Automne 2006
ISSN : 1280-1496
Télécharger la Lettre RDJ n°24
SOMMAIRE
Éditorial > Sur l’art de juger par Yann Aguila
Libre propos > L’Europe et le droit (Fondation Robert Schuman)
Recherches > Prescription, amnistie et grâce en France ; Comment devient-on juge ? ; Jeunes en détention
Équipe > l’IHEJ (Institut des Hautes Études sur la Justice)
Dossier > Droit et homosexualité
Remise du prix Jean Carbonnier 2006
Thèse > Les normes d’habilitation par Guillaume Tussaud
Notes de lecture
Actualité
Éditorial > Yann Aguila
Conseiller d’État
Directeur de la Mission
Sur l’art de juger
« Il y avait des juges avant qu’il y eût des lois » a écrit Portalis.
Cette belle formule invite à la réflexion. En des temps reculés, sans doute le règlement des conflits était-il déjà confié à un tiers impartial et désintéressé.
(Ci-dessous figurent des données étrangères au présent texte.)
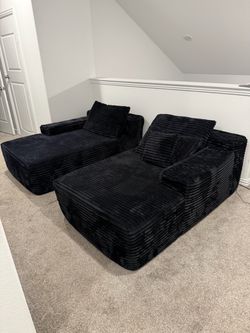 Boneless Black Corduroy Modular Sofa Set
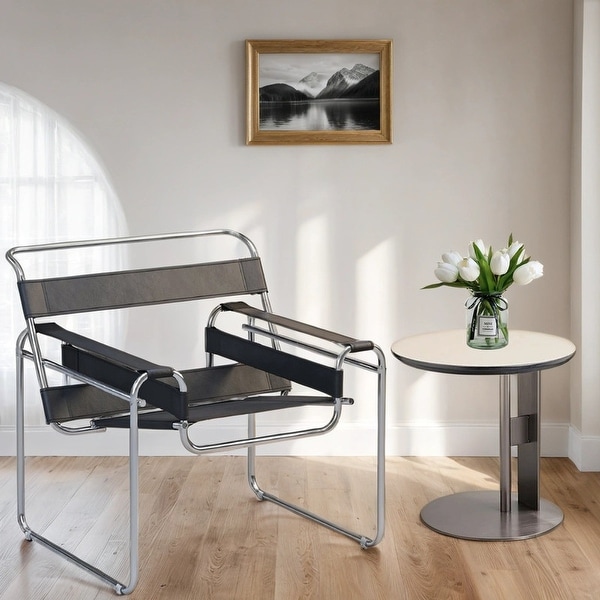 Momei Mid-Century Modern Saddle Leather Accent Chair with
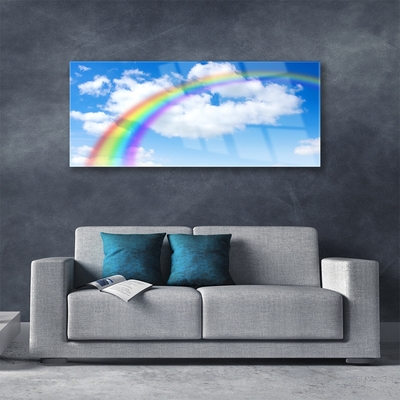 Billede glas Rainbow Sky Clouds Nature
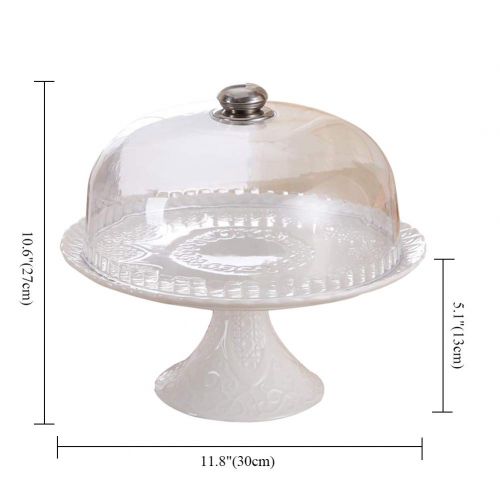  Agyvvt Cake Stand White Ceramic 12 Inch Cupcake Display Fruits Dessert Serving Tray with Clear Plastic Dome for Baby Shower Wedding Birthday Party Home Decoration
Dans de nombreuses sociétés, une autorité, quel que soit son nom – chef ou sorcier, prêtre ou juge – remplit cette fonction essentielle à la paix sociale : trancher les litiges, afin d’éviter le cercle infini de la vengeance décrit par René Girard. Sa décision « arrête » la discussion – d’où sans doute l’origine du mot « arrêt ».
Certes, aujourd’hui, la référence à la loi est devenue indispensable. Elle évite l’arbitraire du juge, qui rend des décisions plus objectives, prévisibles et contrôlables. Surtout, la loi étant issue d’assemblées élues par le peuple, elle répond à une exigence de démocratie, puisque les règles appliquées par le juge sont issues de la volonté populaire.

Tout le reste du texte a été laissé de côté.